Pozwany powinien ponieść 26, 41 % tych kosztów, czyli kwotę 3985, 74 zł, a powódka powinna ponieść 73, 59 % tych kosztów, tj. 11 106, 06 zł.

Mając na uwadze wysokość kosztów faktycznie poniesionych przez strony, tytułem zwrotu kosztów procesu na rzecz pozwanego od powódki podlegała zasądzeniu kwota 2411,06 zł, o czym orzeczono w punkcie IV wyroku.

Ubocznie wskazać należy, że brak było podstaw do ustalenia wysokości kosztów zastępstwa procesowego stron w podwójnej wysokości. Niniejsza sprawa należała do typowych spraw o zapłatę zadośćuczynienia i odszkodowania za szkodę doznaną w wyniku wypadku komunikacyjnego i nie należała ani do spraw skomplikowanych pod względem faktycznym czy prawnym ani też nie wymagała zwiększonego nakładu pracy pełnomocników w porównaniu do innych spraw tego rodzaju.

Rozstrzygnięcie w przedmiocie nieuiszczonych kosztów sądowych poniesionych tymczasowo przez Skarb Państwa zawarte w punktach V - VI wyroku uzasadnia treść art. 83 ust. 2 w zw. z art. 113 ust. 1 i ust. 2 ustawy z dnia 28 lipca 2005 roku o kosztach sądowych w sprawach cywilnych (Dz. U. z 2005 roku, Nr 167, poz. 1398 ze zmianami).

Koszty tymczasowo poniesione przez Skarb Państwa w niniejszej sprawie wyniosły 1986, 97 zł, tj. 31 zł (za dokumentację medyczną - k. 522) + 876, 47 zł – wynagrodzenie dla biegłego M. L. (2) (k. 600 i k. 616) + 647, 80 zł – wynagrodzenie dla biegłego P. M. (k. 569 i k. 599) + 431,70 zł – na wynagrodzenie biegłych z Zespołu Lekarzy (...) w sprawach karnych i cywilnych Sp. z o.o. w L. (k. 656). Na podstawie art. 113 ust. 1 ustawy z dnia 28 lipca 2005 roku o kosztach sądowych w sprawach cywilnych, Sąd uwzględniając wynik sprawy i odpowiednie zastosowanie art. 100 zdanie pierwsze k.p.c. nakazał ściągnąć od pozwanego na rzecz Skarbu Państwa - Sądu Rejonowego Lublin-Zachód w Lublinie tytułem nieuiszczonych wydatków tymczasowo pokrytych przez Skarb Państwa 26, 41 % tej kwoty, tj. 524,76 zł (punkt V wyroku). W pozostałej części w pkt VI wyroku nieuiszczone koszty sądowe Sąd przejął na rachunek Skarbu Państwa na podstawie art. 113 ust. 1 a contrario ustawy o kosztach sądowych w sprawach cywilnych.

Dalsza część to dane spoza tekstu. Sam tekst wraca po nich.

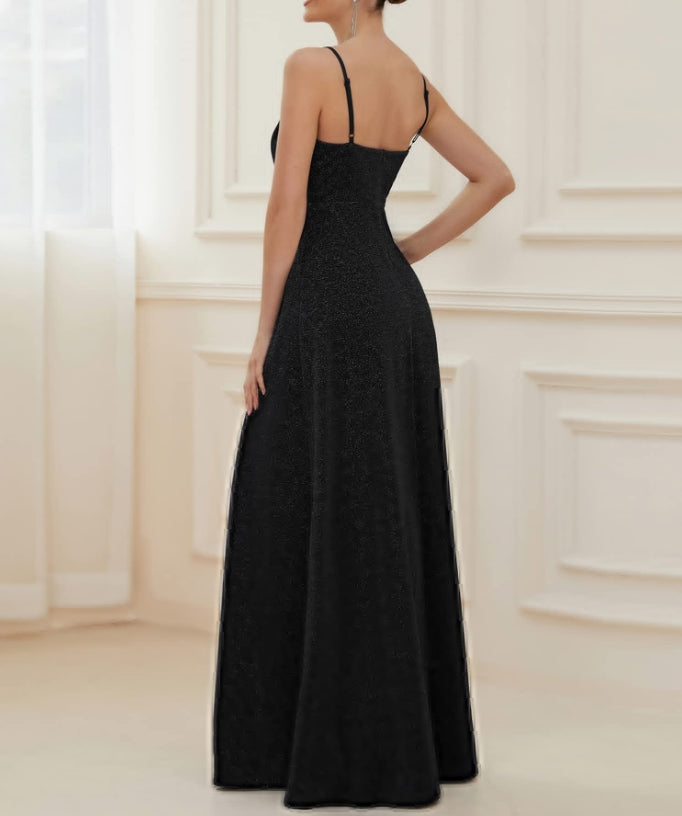 Black Women's Sexy Spaghetti Straps Slit A-Line Glitter Prom Dress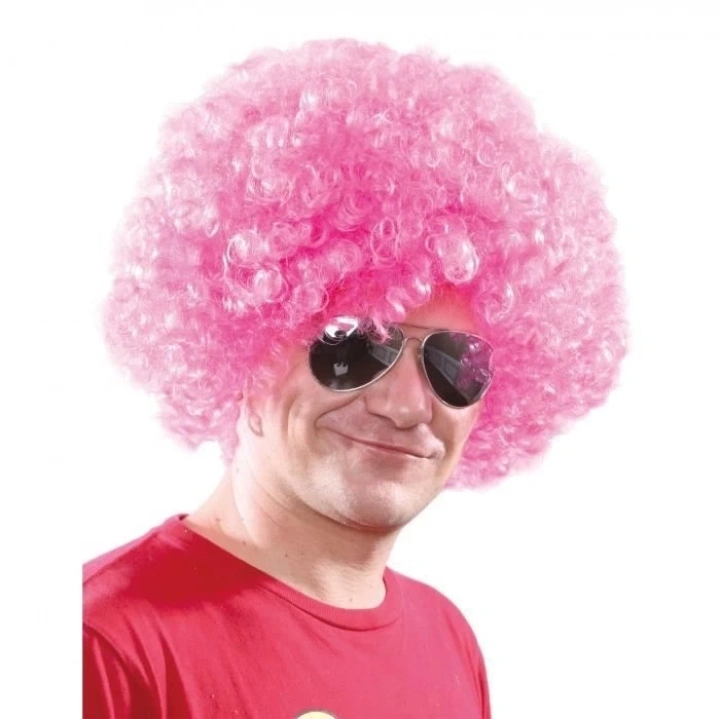BFS Açık Pembe Renk Kıvırcık Afro Bonus Peruk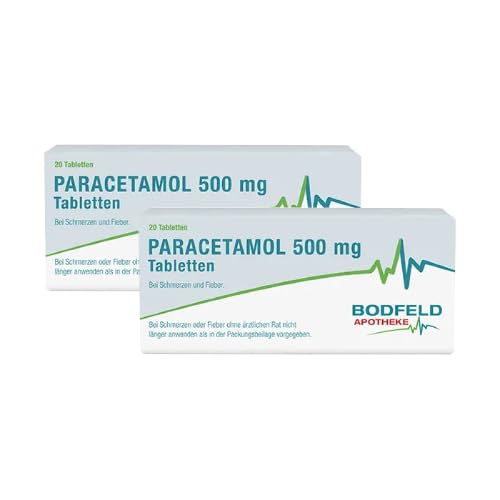 PARACETAMOL 500 mg Tabletten Bodfeld Apotheke (2x20St) 40 St - bei leichten bis mäßigen Schmerzen (wie Kopfschmerzen, Regelschmerzen und Zahnschmerzen) | gut verträglich, fiebersenkend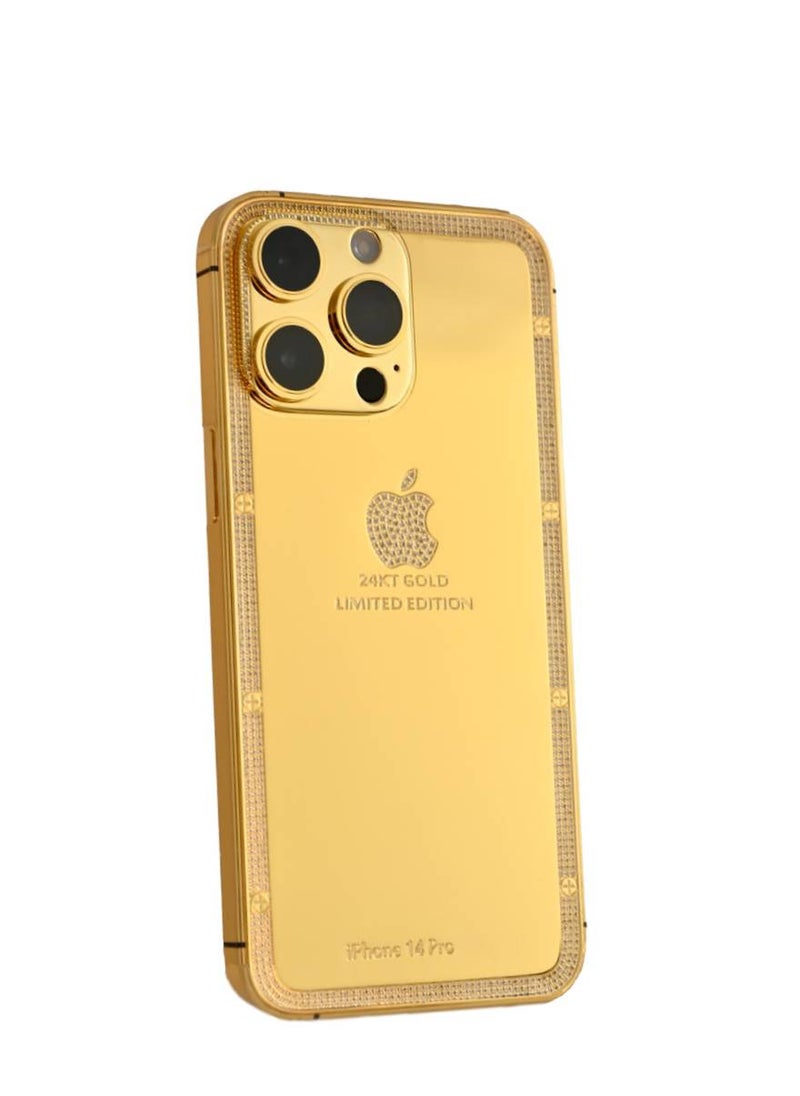 CAVIAR Caviar Luxury 24k Gold Plated Frame Customized iPhone 15 Pro 128 GB Gold Titanium Crystal Frame  - Image 1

Rozstrzygnięcie z pkt VII wyroku o zwrocie pozwanemu (...) Spółce Akcyjnej z siedzibą w W. ze Skarbu Państwa - Sądu Rejonowego Lublin-Zachód w Lublinie kwoty 700 tytułem niewykorzystanej zaliczki zaksięgowanej pod pozycją (...) nr (...) uzasadnia treść art. 84 ust. 1 i 2 ustawy z dnia 28 lipca 2005 roku o kosztach sądowych w sprawach cywilnych.

Z tych wszystkich względów i na podstawie powołanych przepisów Sąd orzekł jak w wyroku.